[Opening Exercise inputs section]
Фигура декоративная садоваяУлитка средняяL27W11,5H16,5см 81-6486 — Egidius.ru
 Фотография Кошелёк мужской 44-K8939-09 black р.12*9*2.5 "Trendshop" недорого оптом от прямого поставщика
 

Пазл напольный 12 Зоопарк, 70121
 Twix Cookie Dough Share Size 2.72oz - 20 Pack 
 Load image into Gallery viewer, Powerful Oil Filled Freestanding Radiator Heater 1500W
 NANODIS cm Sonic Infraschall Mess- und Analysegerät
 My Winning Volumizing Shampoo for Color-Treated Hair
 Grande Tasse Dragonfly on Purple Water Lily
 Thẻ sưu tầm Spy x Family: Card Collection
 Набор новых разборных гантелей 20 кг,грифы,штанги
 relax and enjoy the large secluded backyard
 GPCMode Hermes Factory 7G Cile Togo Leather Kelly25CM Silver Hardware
[Closing Exercise inputs section]
▸ Exercise requirements
Please restate only the opening stretch of the records above: every line from the first through the one containing "NANODIS cm Sonic", exactly as written.

▸ Answer for this exercise
Фигура декоративная садоваяУлитка средняяL27W11,5H16,5см 81-6486 — Egidius.ru
 Фотография Кошелёк мужской 44-K8939-09 black р.12*9*2.5 "Trendshop" недорого оптом от прямого поставщика
 

Пазл напольный 12 Зоопарк, 70121
 Twix Cookie Dough Share Size 2.72oz - 20 Pack 
 Load image into Gallery viewer, Powerful Oil Filled Freestanding Radiator Heater 1500W
 NANODIS cm Sonic Infraschall Mess- und Analysegerät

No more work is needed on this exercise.